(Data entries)
****************

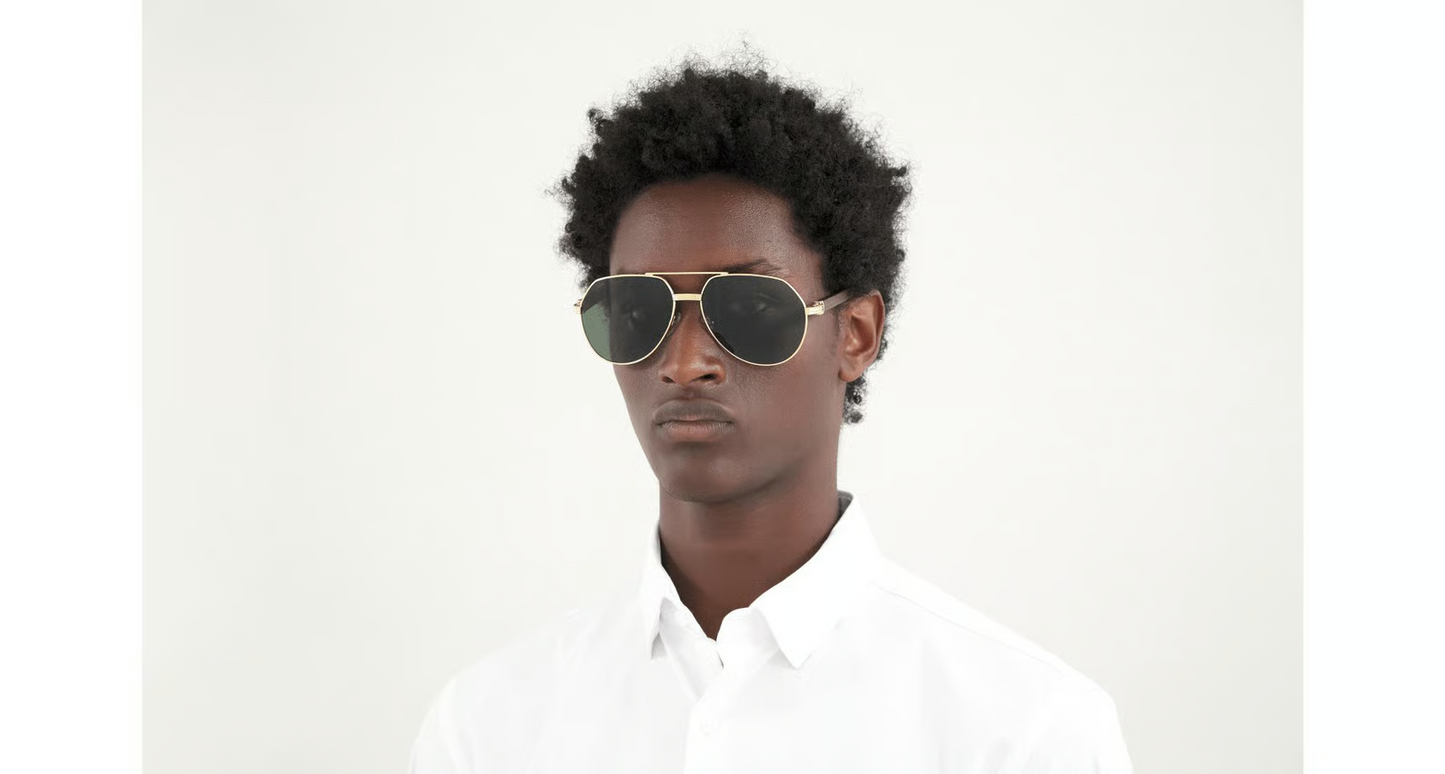 Cartier CT0272S Sunglasses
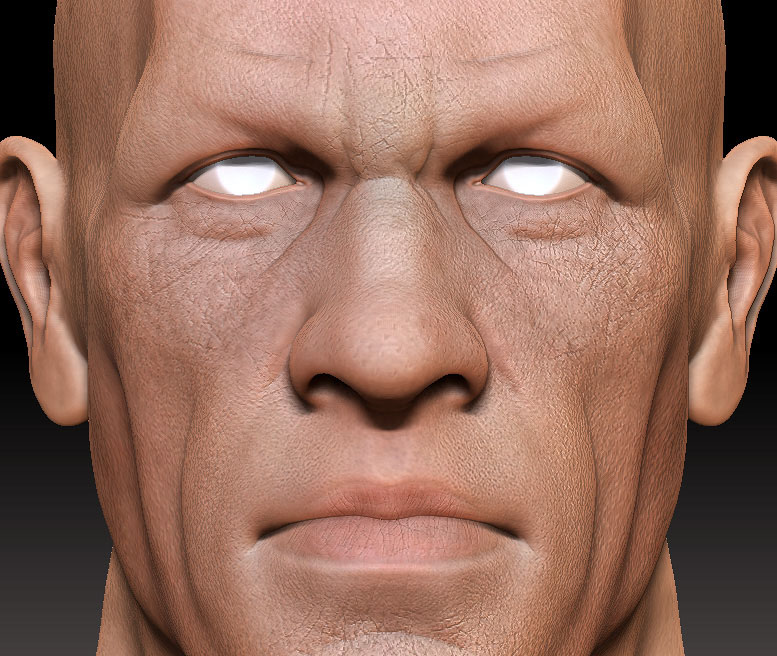 CHM45_head_WIP2.jpg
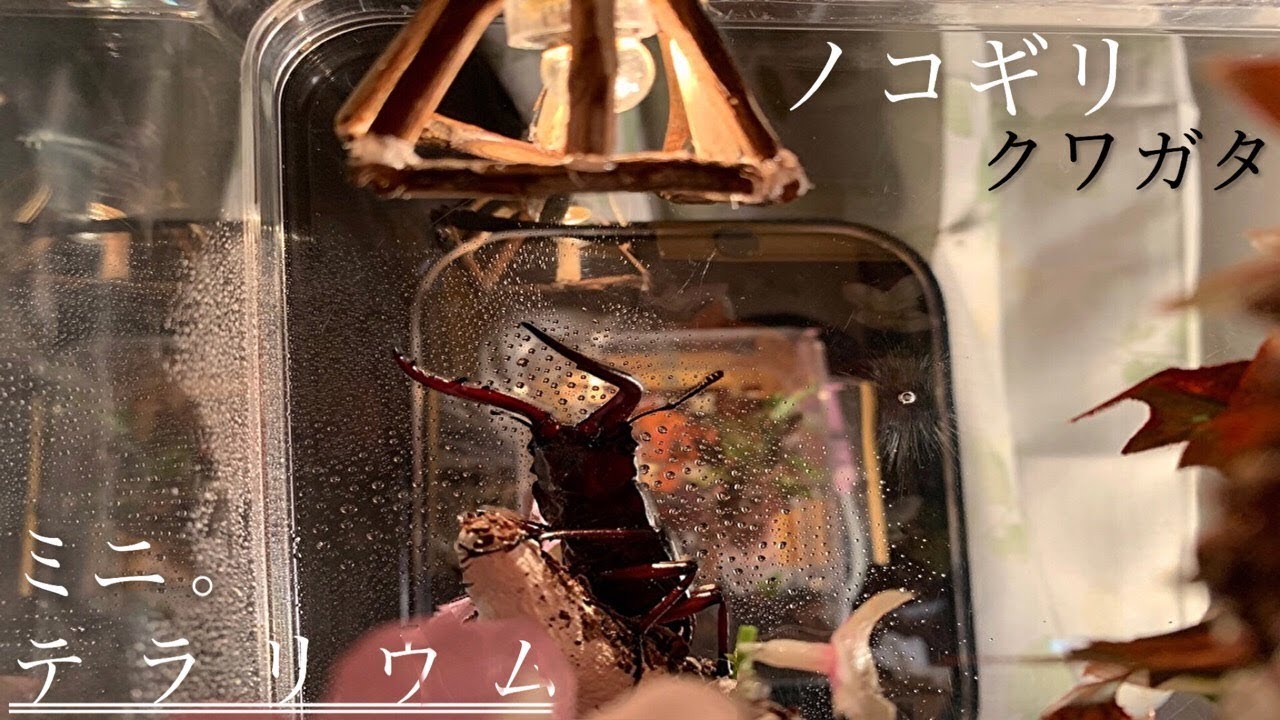 ノコギリクワガタ…ペアの小さい　テラリウム（〃クワガタ・カブトムシ〃ミニテラリウム）
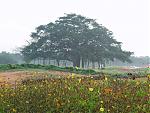 your-wallpaper-at-the-moment-banyan_1.jpg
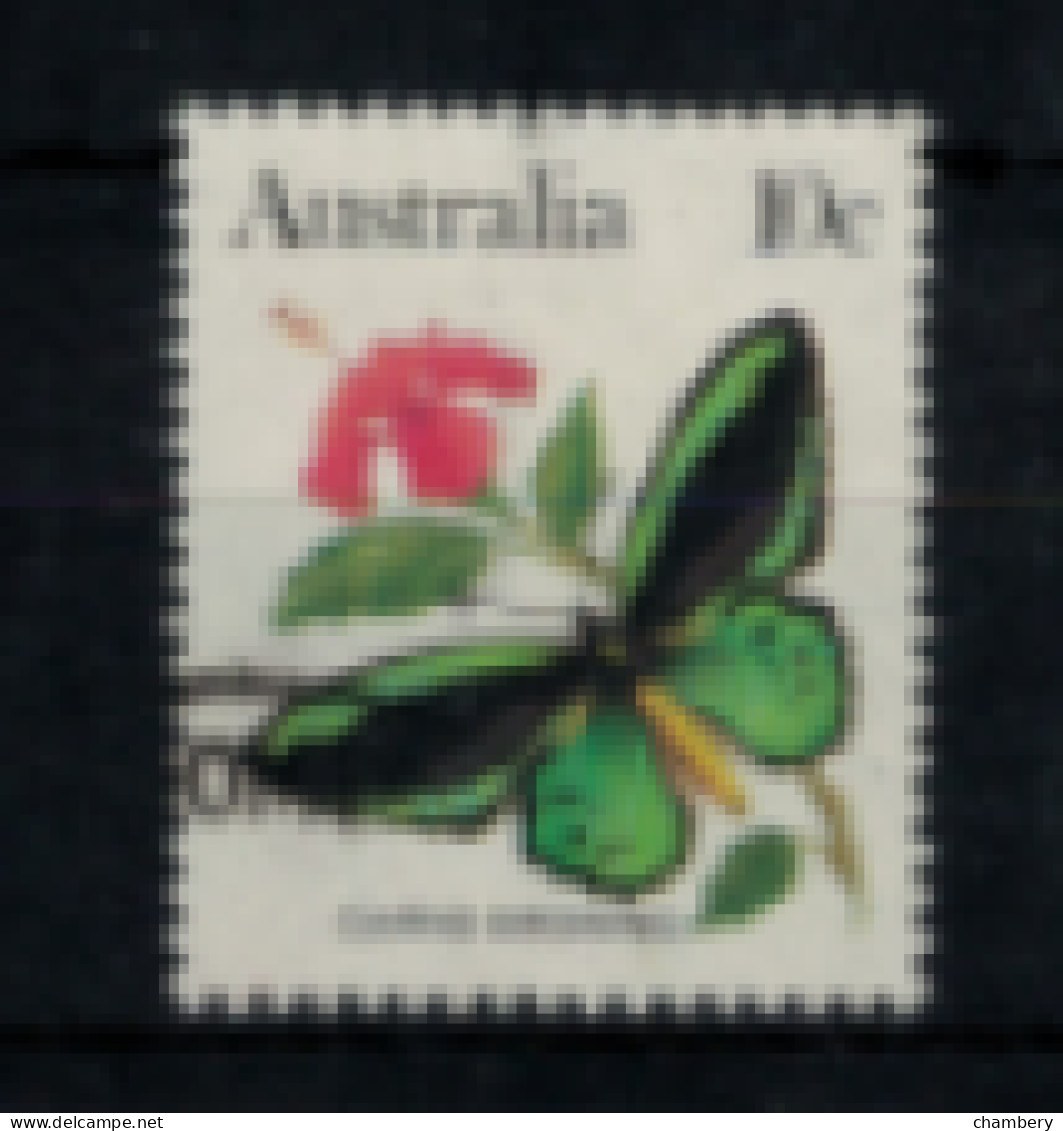 Australie - "Papillon : Ornithopetera" - Oblitéré N° 826 De 1983 - Gebraucht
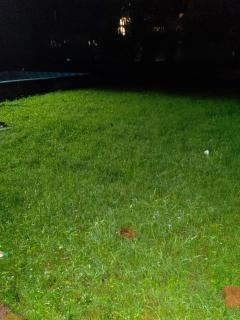 Tilottama homestay - 9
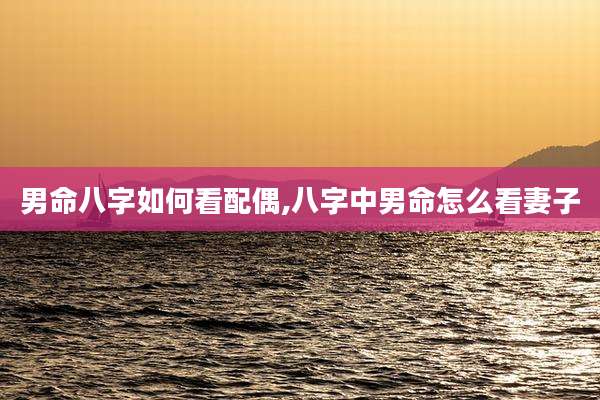男命八字如何看配偶,八字中男命怎么看妻子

****************

What to produce. Word for word, return all the entries and skip their pictures.

Output below.
 Cartier CT0272S Sunglasses
 CHM45_head_WIP2.jpg
 ノコギリクワガタ…ペアの小さい　テラリウム（〃クワガタ・カブトムシ〃ミニテラリウム）
 your-wallpaper-at-the-moment-banyan_1.jpg
 Australie - "Papillon : Ornithopetera" - Oblitéré N° 826 De 1983 - Gebraucht
 Tilottama homestay - 9
男命八字如何看配偶,八字中男命怎么看妻子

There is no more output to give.